After the Active node came back again, I ran the profiler again for 5 minutes. Got 17 records, and all the events as before but also 3 'Lock:Escalation' (Event 60). Does that tell anything?

So I guess the Passive node failed for the 'Failover', and hence the active node took over?

I did not do a restart, because there is a critical service running in the Active node that is using a Virtual IP address, and depends on the Active node being alive, and is not dependent on the SQL Server service. That is why I limited my test to stopping the SQL Service.

There are 2 groups: Cluster and SQL; and the SQL Group has a drive,one IP Address, One network name, the SS and the SSAgent, and the SS is dependent on the drive and network name. I hope this sounds right.

I guess you can test for several things separately: Disk - pull the hard drive out;
Power - pull the plugs ;Network - pull out a network adapter ;Fiber Channel - disconnect fiber connections; Windows 2003 - shut down ;SQL Server - Fail the SQL Server and/or Agent; Cluster Service - disable Cluster Service ;Quorum  un-present the drive. Would unplugging the plug cover all these?

I do not have physical access to the nodes, only Cluster Admin. So for the next real round of test, how many of the above, do you think I can do just from Cluster Admin tool?
Thanks

jimpen
I should mention this also:

On the active node, under resources, I can see the drive, IP Address, Network Name, SS, SSAgent, all falling under SQL Group,which is it's active and only group.

On the passive node, under resources, I see Cluster IP address, Cluster Name, a different disk, and MSDTC, all belonging to the Cluster Group, which is it's active and only group.

Is this the reason why the SQL failover did not go to the passive node, and the active took control again?
thanks
>> I only stopped the SQL Server Service on the Active node. ....

That is a pretty good restart time -- depending on hardware. We're running Dell X950's with quad cores and 12+GB of RAM with and multiple instances running active/active. Our failover time is lower -- but we paid for the performance.

Remember you always have a choice: Fast, Cheap, Good. Pick any two. ;-)

>> So I guess the Passive node failed for the 'Failover', and hence
>> the active node took over?

You can't just fail the SQL Server service. It is dependent on the all the rest moving to the other node as well.

>> I did not do a restart, because there is a critical service .....

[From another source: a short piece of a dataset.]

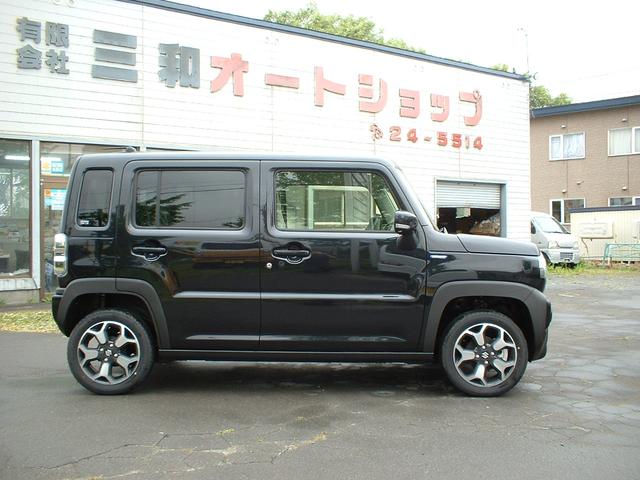 ハイブリッドX 4WD セーフティサポート 届出済未使用車 LEDライト LEDフォグ 前後衝突軽減ブレーキ オートライト オートハイビーム シートヒーター ステアリングオーディオスイッチ 電動格納リモコンドアミラー(6枚目)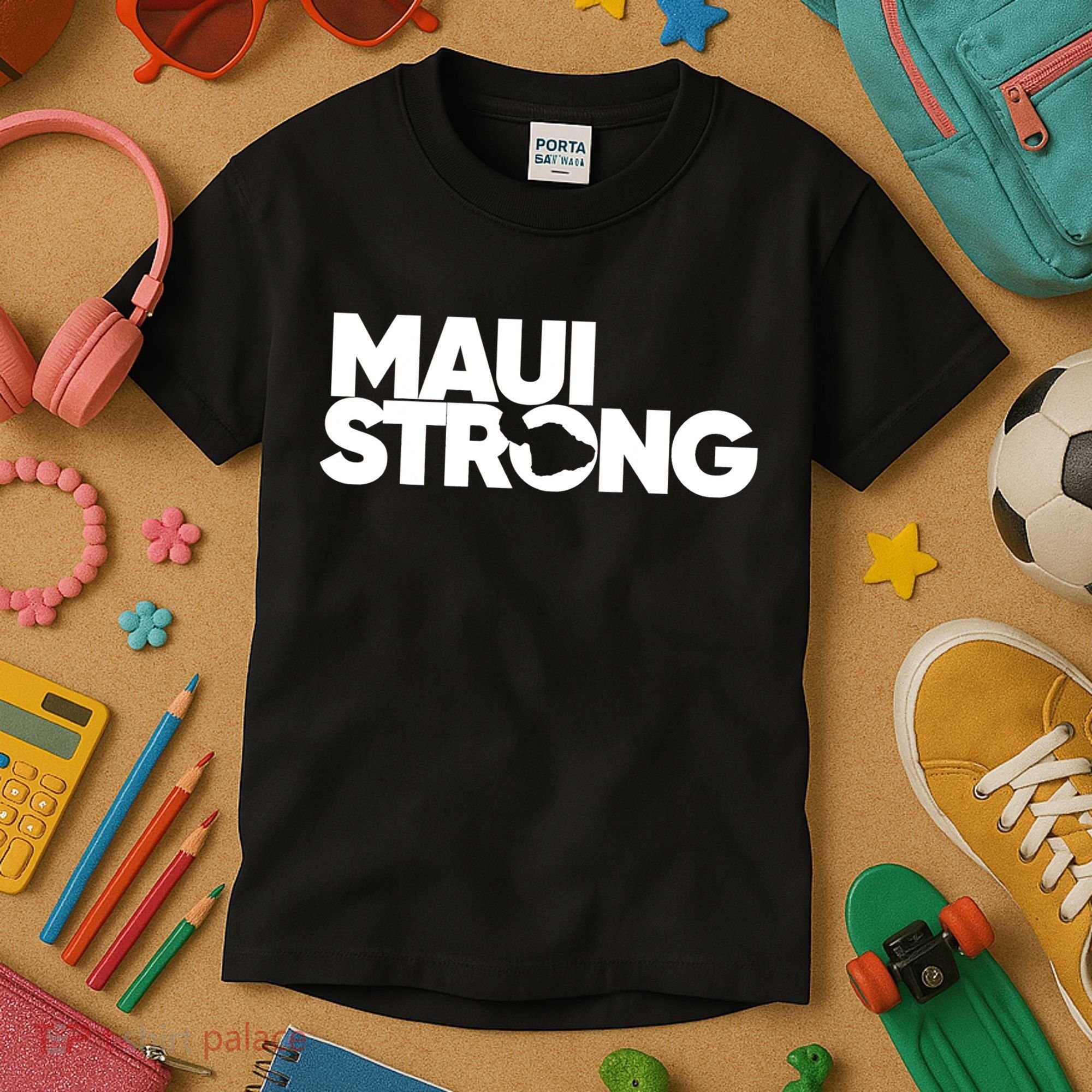 Pray For Maui Hawaii Strong Support For Hawaii Fire Victims Kids T-Shirt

What I would suggest for that is to add a separate group for that IP address that is set not to failover. If the A Node goes down, then it is just down.

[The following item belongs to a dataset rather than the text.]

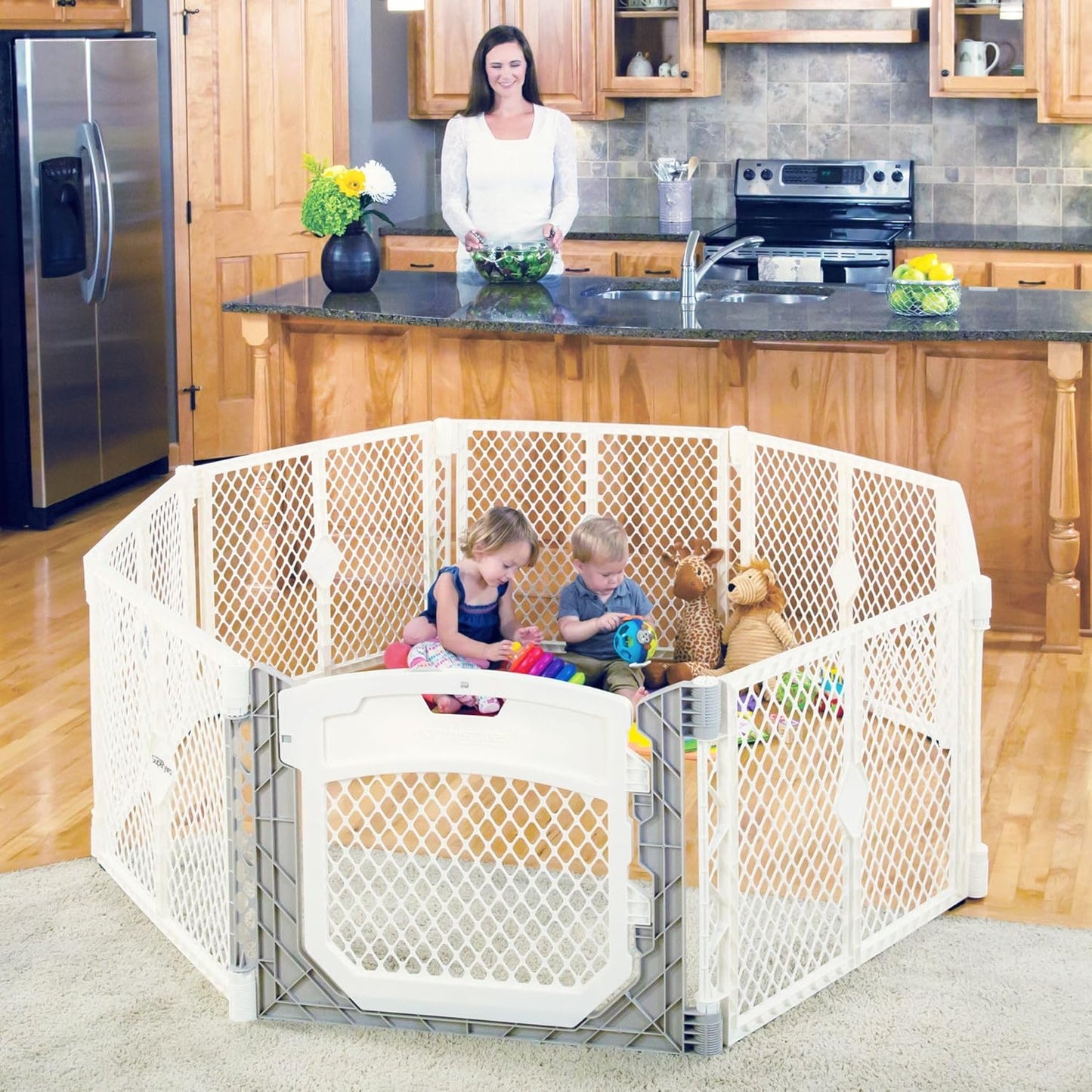 Toddleroo Superyard Ultimate Play Yard: Safe Indoor Outdoor Use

>> I guess you can test for several things separately:.....

The simple way to see if it will work with the least chance of damage is to Right-Click the group and do the Move Group. It will then turn it off on the Active node and try to move it to other node. If it works then you are good.

Server Cluster How To...
http://technet.microsoft.com/en-us/library/cc786260%28WS.10%29.aspx
Cluster-Move.jpg
Thanks for the detailed helpful information.
So did it work out?

Glad to be of assistance. May all your days get brighter and brighter.
jimpen
thanks for your patient help. I will be implementing some of your ideas after some ground work , for some real testing.. perhaps i will bring that up in another post.

thanks much. brighter and brighter.. sounds good...
jimpen

Can you let me know your thoughts abt the 3 lock:escalations when the active node started again.

also the passive node did not have any of the meaningful resources of the active node. Is this right?
thanks
The lock:escalations don't really concern me with a newly restarted SQL Server. Even if the server is accepting remote connections and servicing queries, it takes a few minutes for SQL to "settle back in."

If you see them constantly after the server has been up, you can be starved for memory, you have large or poorly written queries running, or there may be contention for resources from various maintenance plans and/or applications.

>> also the passive node did not have any ...

Yes. The SQL Service is dependent on the IP, Network Name and the data drive being on the other node all at the same time before it starts. Since it wasn't, it couldn't start.